On passe en somme de l’image de Marie, coach personnel et officiel pour les dévotions du propriétaire, à celle de la Vierge de l’Humilité, modèle spirituel auquel il est invité à s’identifier, perdant en dignité mais gagnant en proximité avec le Christ, symbolisé par le livre.
Ainsi l’apparition du lit va probablement de pair avec le développement de la devotio moderna, qui préfère, à la piété respectueuse, l’expérience spirituelle intime. Laurent Bolard a étudié cette évolution pour l’Italie, qui suit avec retard cette nouvelle piété venue du Nord :
« Ce lit, signe d’une intimité poussée à son extrême limite et comme tel attribut de la nouvelle dévotion, discret dans son occupation de l’espace, possède cependant un fort pouvoir signifiant. Il est révélateur que les mystères italiens consacrés à l’Annonciation lui accordent une place substantielle dans leur décor : ainsi, dans le mystère joué le 23 mars 1439 à Florence devant la Santissima Annunziata, se voyait sur l’estrade représentant le thalamus virginis « un lit de bois orné d’étoffes magnifiques, et à son chevet un siège richement recouvert », cette surenchère même le désignant comme point de mire de la narration alors que celle-ci à sa source, rappelons-le, l’ignore totalement. Une forme de tabou est brisée par des représentations peintes de l’Annonciation qui détaillent le lit de Marie, qui l’imposent visuellement, même s’il n’est toujours pas l’objet central du thème ; il devient figure en réduction de l’Incarnation – comme il est image réduite à son extrême de l’espace privé -, et par là référent de Marie et du Christ. « [18]
Les trois Annonciations de Van Eyck
Retable de l ‘Agneau Mystique (fermé)
Van Eyck, 1432, Cathédrale Saint Bavon, Gand
1) Deux ans avant « Les Epoux », Van Eyck avait réalisé sa plus grande oeuvre religieuse (grande dans tous les sens du terme). La face fermée montre une Annonciation au dessus du couple des donateurs, Joos Vijdt et Lysbette Borluut (pour son interprétation, voir 1-2-1 Le retable de l’Agneau Mystique (1432))
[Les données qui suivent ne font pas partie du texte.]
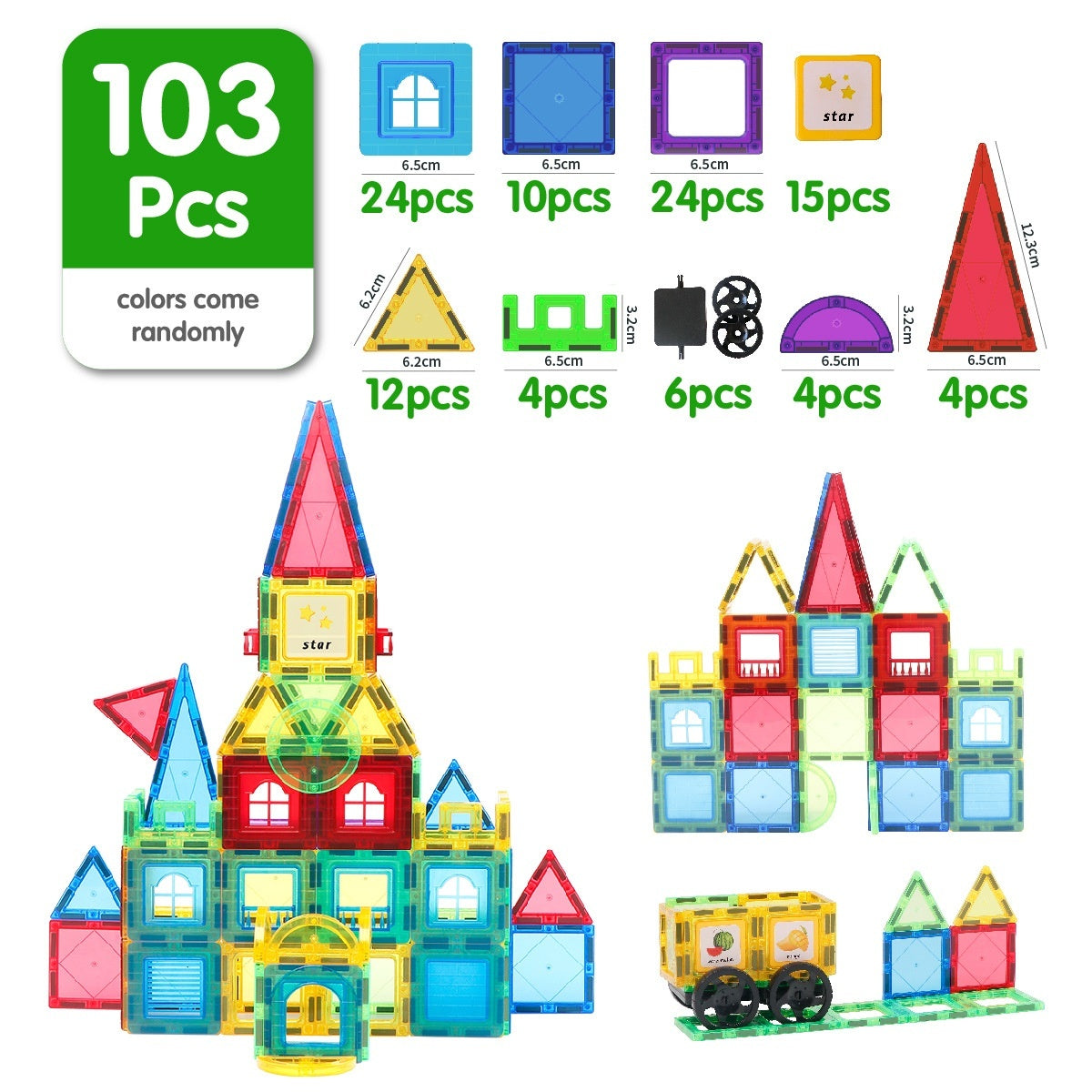 65cm Colorful Window Childrens Magnetic Building Toy  Educational Magnetic Blocks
Situer les époux Vijdt en contrebas et dans l’ordre héraldique conduit mécaniquement à une forme d’identification, flatteuse autant que respectueuse, entre le couple profane et le couple sacré.
Bien que l’Annonciation se déroule dans une pièce apparemment réaliste, la présence de l’aiguière, des baies géminées et des deux pièces au fond, jointe à l’absence d’un lit, évoque tout, sauf une chambre réelle.
2) Le triptyque Lomelli, aujourd’hui disparu, comportait dans son panneau central une Annonciation, avec là encore les donateurs au revers :
« Au revers du même tableau est peint Battista Lomellini, le propriétaire, dont il ne manque que la voix – et la femme qu’il aimait, d’une beauté exceptionnelle et elle aussi est représentée exactement telle qu’elle était. Entre eux s’écoule, comme par une fente dans le mur (simam), un rayon de soleil que vous croiriez être celui du soleil véritable ». Description par Facius [18a].
On peut supposer que ce rayon de soleil anticipait visuellement la lumière de l’Incarnation que révélait l’ouverture des volets : autre manière ingénieuse, à la manière du miroir des Epoux, de laisser s’immiscer le Sacré au sein d’un couple profane.
3) Dans sa troisième Annonciation connue, celle de Washington (1434-36), Van Eyck sacralisera encore plus la scène, en la situant dans une église qui est là encore une construction purement symbolique (voir La vierge dans une église : résurrection du panneau perdu (2 / 2)).
On observe en somme, dans les Annonciations de Van Eyck, un mouvement opposé à celui de l’embourgeoisement.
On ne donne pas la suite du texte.